Source: Should you strain to bid vulnerable games? By Andrew Robson

Robson-Mahmood

IMPACT of vulnerability is much misunderstood. I often hear rubber bridge (or Chicago or teams for that matter) players bid a marginal game with the shrug of ‘Ah, well, we’re only non-vulnerable’. Wrong! The value of the vulnerable game is much more than the non-vulnerable game: you should stretch more when vulnerable.

How about at pairs? The first thing to say is that when the auction is uncontested, vulnerability is irrelevant. It doesn’t matter one jot whether you are scoring 620 or 420 versus 170, because it is not the amount of difference that matters.

Say for example that every table sees North-South declare no-trumps. It does not matter whether the bonus for game is 300, 500, or one million! It’s all relative, not absolute. If all other North-Souths are making 1NT +1, you will get the same top for making 1NT +2 as you will for making 3NT exactly. Conclusion: don’t push for close games.

Might South be able to make 4Spade Suit after hearing partner make a single raise? Sure. But will he make a game try?

No, he won’t. It is relatively unlikely that game will be on; further, if South plays the hand in an inspired fashion and makes ten tricks, he will surely get a good matchpoint score for +170; he does not need the game bonus (unlike at teams and rubber, where he would like that bonus).
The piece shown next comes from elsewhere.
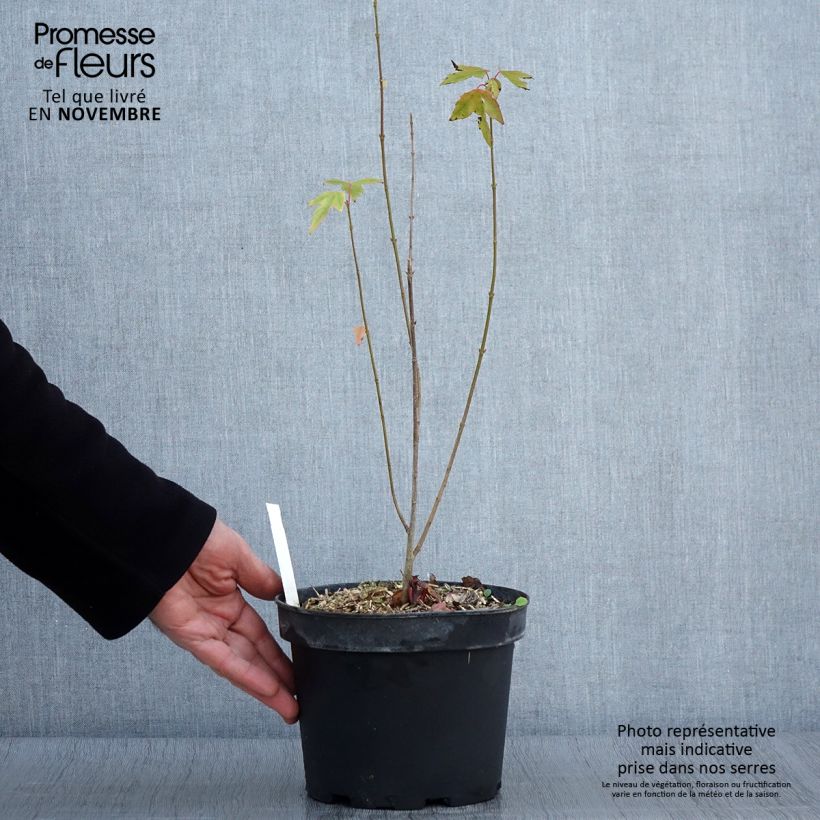 Exemplaar van Acer cappadocicum Rubrum - Colchische esdoorn Rubrum Pot van 3 l/4 l zoals geleverd in de herfst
Let’s look at the play in 2Spade Suit. Declarer wins the queen of hearts lead with his ace (duck, and West might find an unwelcome switch to a trump). At trick two he makes the key play of leading towards the jack of diamonds. Note that leading towards the diamond king can come next, should the jack of diamonds lose to the queen.

Here West rises with the queen of diamonds, meaning that now the diamond jack has a material value. West cashes the jack and ten of hearts, then switches to the seven of spades. Winning with the spade king, declarer leads the diamond jack. West wins with the ace of diamonds and leads the eight of spades. Declarer wins with the spade queen, then ruffs the eight of diamonds with dummy’s last trump. Ace of clubs, club ruff, then the ace of spades drawing West’s spade ten bring his trick tally to nine: +140 and a good match-point result.